▶ [WORK ITEM]: With pictures left out, output exactly the lines of the listing below from the line that has "Segen: Gedanken über" to the line that has "小泽圆电影全集 黑甜乡西游: 老玩家旗帜定位差0.1秒, 任务恶果差三分钟?", both lines kept.

▶ [DATA RECORDS]:
↓↓↓
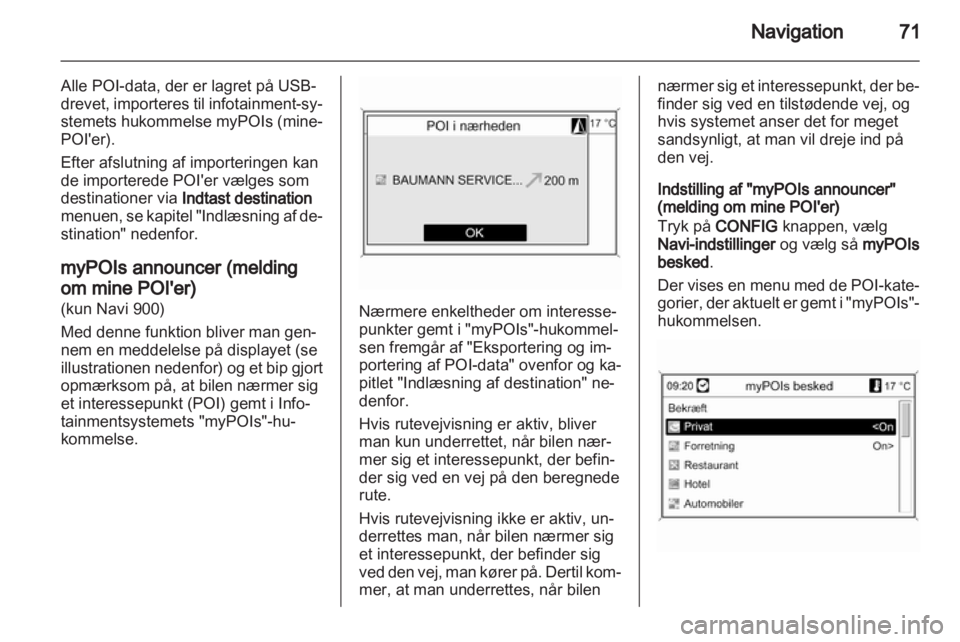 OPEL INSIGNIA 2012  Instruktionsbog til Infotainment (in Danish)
↑↑↑
↓↓↓
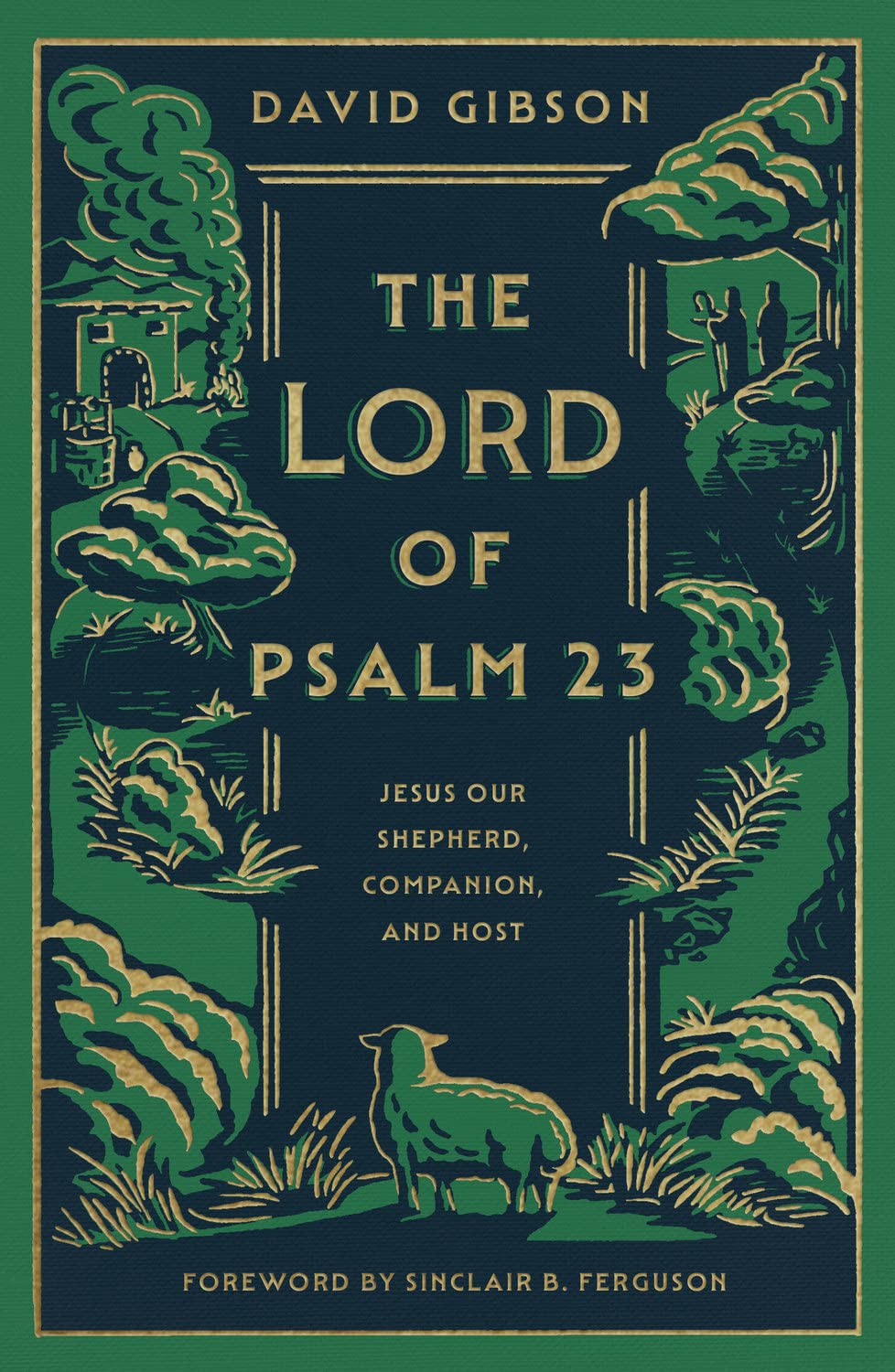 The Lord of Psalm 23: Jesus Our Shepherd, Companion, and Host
↑↑↑
↓↓↓
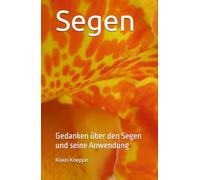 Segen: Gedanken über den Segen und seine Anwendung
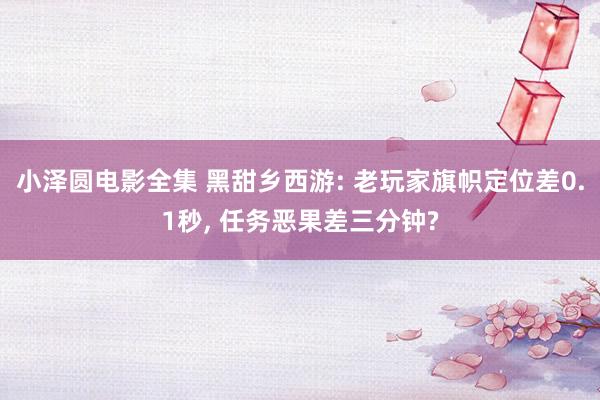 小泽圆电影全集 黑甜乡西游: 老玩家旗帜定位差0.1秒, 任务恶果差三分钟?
↑↑↑
▶ [SOLUTION FOR THIS PROBLEM]:
 Segen: Gedanken über den Segen und seine Anwendung
 小泽圆电影全集 黑甜乡西游: 老玩家旗帜定位差0.1秒, 任务恶果差三分钟?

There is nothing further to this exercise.